In honour of International Women’s Day (March 8 2021) I wanted to write about five important women who are doing their best to save our plant. I have chosen these five eco-warriors due to either their notability or their being overlooked.
Greta Thunberg: probably one of the most well-known young environmentalists at the moment, Greta Thunberg is an eighteen-year-old from Sweden who has been leading the ‘School Strike For Climate’ campaign since August 2018. She has won a number of awards and spoken in front of many about climate change, including the United Nations Climate Action Summit. She is currently taking a year out of education to further her cause and travel (sustainably) to educate people. Although there has been a great deal of positive responses to her work, there is also a phenomenon of unwarranted vicious and graphic hate that is often directed towards her.

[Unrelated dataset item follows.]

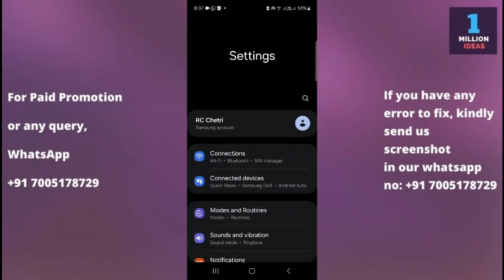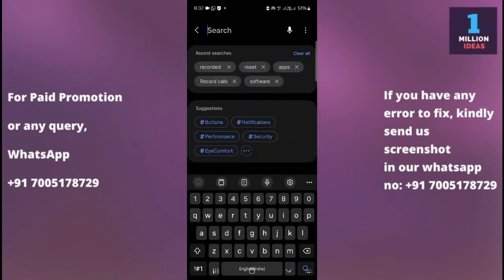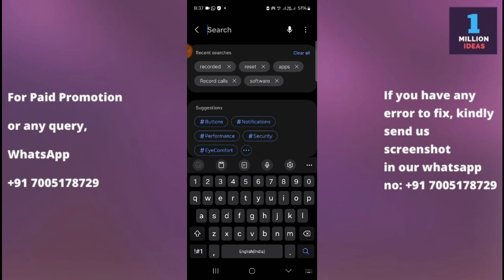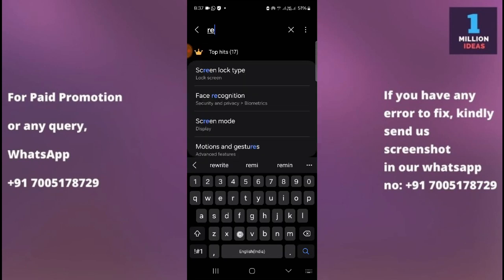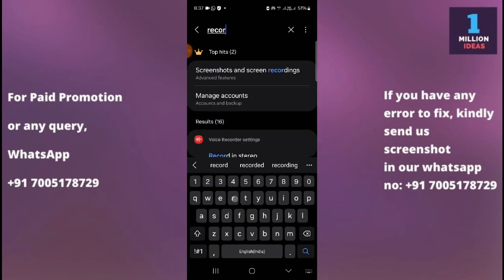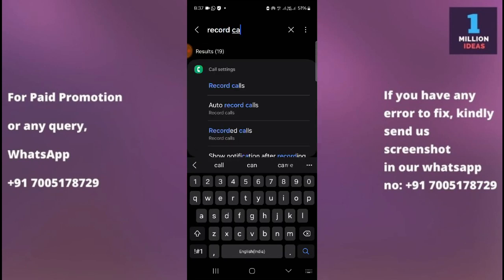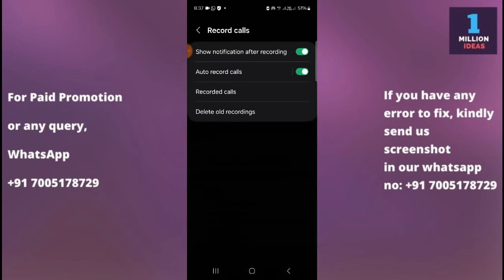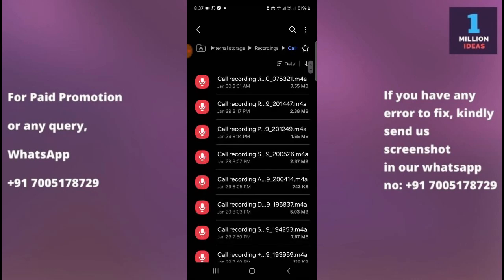Another way is to go to your mobile Settings, then go to the search button and type 'record calls'. As you can see, Recorded Calls appears here — click on Recorded Calls to go to the recorded calls page.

Autumn Peltier: another young environmental activist is Autumn Peltier, a sixteen year old clean water advocate. Her work gained international attention when she met with Canadian Prime Minister Justin Trudaeu to confront him about his stance on pipelines. She has since been nominated for an International Children’s Peace Prize and has attended the United Nation Secretary-General’s Climate Action Summit in both 2018 and 2019. She is also the Chief Water Protector for the Anishnabek Nation (an organization representing First Nation people of Canada).
Winona LaDuke: Native American environmentalist, Winona LaDuke, has been an activist for native rights and the loss of land. However, she also worked to develop a new model for sustainable development with eco-conscious decisions from production of food through energy. She founded the non-profit organization White Earth Land Recovery Project which has helped revive wild rice cultivation in Minnesota. She also co-founded Honor The Earth which provides grants to Native-run environmental initiatives.
Mari Copeny: better known as Little Miss Flint, Mari Copeny first achieved national recognition in the US when she wrote to former President Obama about the water crisis in Flint, Michigan. Her letter inspired President Obama to fly to Flint and bring national attention to the water crisis. Although she was only eight at the time she has continued her work by raising awareness with her #WednesdaysForWater campaign. Currently she is working with a water filtration company to bring filters to communities that don’t have access to clean and safe drinking water.
Jane Goodall: born in 1934, Jane Goodall has been an environmental and conservation activist for a long time. She is also noted as the inspiration of many other activists since. She is most known for her study on chimpanzees in Gomber Stream National Park in Tanzania but she has long been an advocate for animal welfare. Her research found that we are not so different from animals and thus we should work to protect the animal kingdom. Her namesake, the Jane Goodall Institute, currently works to educate people on how to help humanity and also protect the natural environment.